(WIVB) – A local career educator is like a walking encyclopedia of Black American history- especially as it relates to Western New York.

Dr. Eva M. Doyle retired from Buffalo Public Schools 16 years ago, but she’s still teaching folks in Western New York and around the world about their history- and paying to get her lessons across.

Every year for the past seven years, she posts a billboard along Michigan Avenue at her own expense.

“I said, what other things can I do to get this information to not only the African-American community, but the entire Western New York area,” Doyle said.

Dr. Doyle received an honorary doctorate of humane letters from Buffalo State College as she pursues her Ph.D. She also writes a column for the Buffalo Criterion, the oldest Black-owned newspaper in Western New York.

The Buffalo News runs her column, “Eye on History”, every Sunday in February.

Her column has also been printed in other newspapers around the country.

“I am not just educating the African-American community, I am educating people from all ethnic backgrounds,” Dr. Doyle said. “I think that is very important.”

Dr. Doyle just wrapped up a long stint hosting a radio talk show on WUFO, Western New York’s only Black-owned radio station.

But her pride and joy is the Freedom Wall- which features images of 28 civil rights leaders, including Martin Luther King, Jr., Malcolm X, and local torchbearers like former Deputy State Assembly Leader Arthur O. Eve and late Common Councilman George Arthur.

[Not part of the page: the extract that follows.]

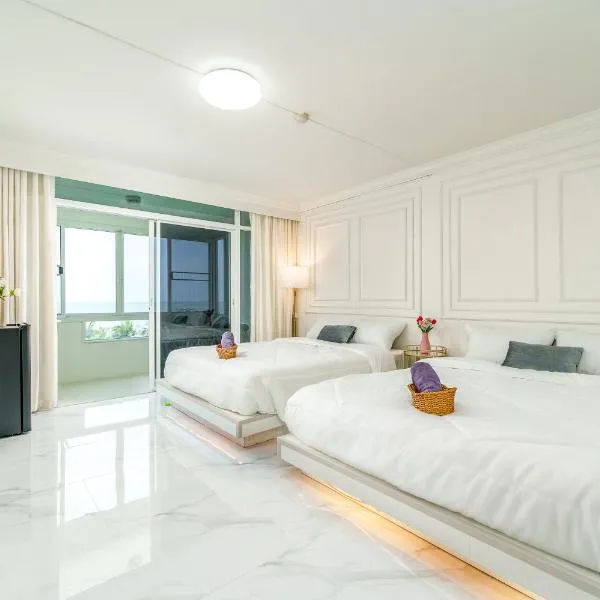 Bang Saen Royal Beach by Sea view Bang Saen, hotel in Ban Laem Thaen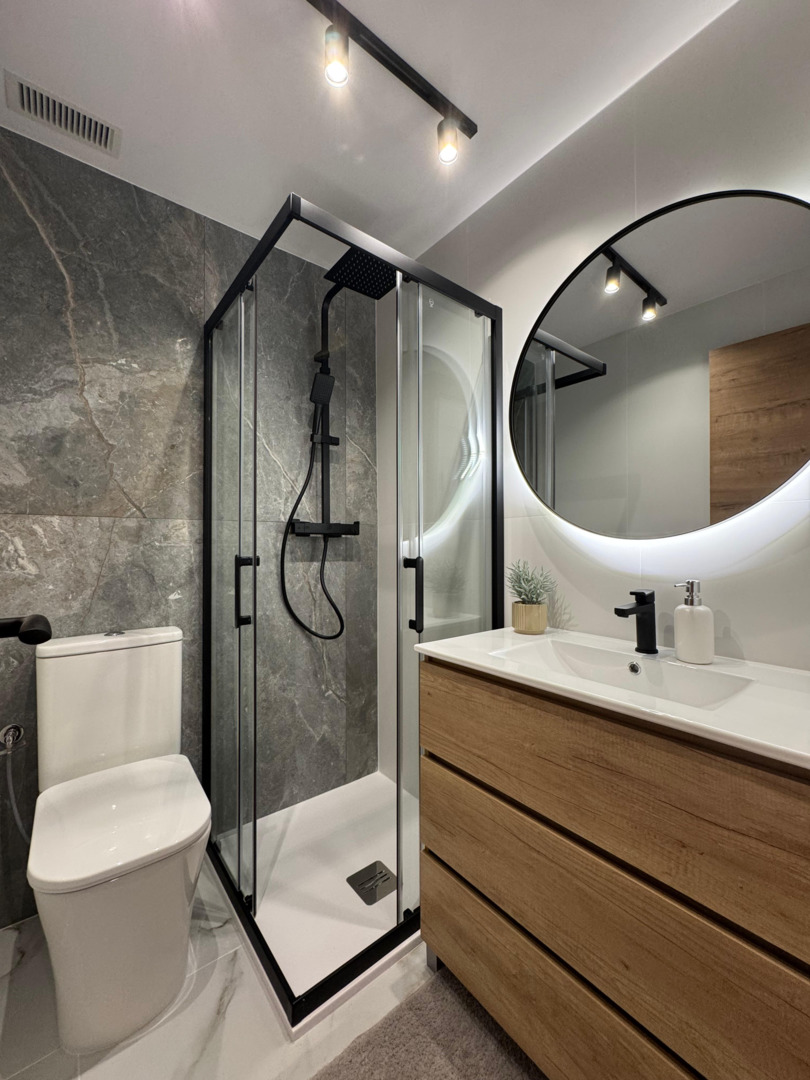 4 Bed, 2 Bath, ApartmentFor Sale, Torrevieja, Alicante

“Just to be in the presence of Dr. Martin Luther King, Jr, who is on the wall, Rosa Parks, the mother of the Civil Rights movement, who is on the wall, the Hon. Shirley Chisholm, the first Black woman to run for president in 1972,” Dr. Doyle said.

She not only reveres history as a student and a teacher, but she wholeheartedly supports history as an economic engine for Buffalo, which is becoming a destination for cultural tourism.

Doyle says the Michigan Street African-American Heritage Corridor has so much potential, and she believes it’s just a matter of time until it becomes a world attraction.

“Hopefully, when we are out of this pandemic, and I think we have learned a lot also- maybe we can come together and create a better world for us all,” Dr. Doyle said.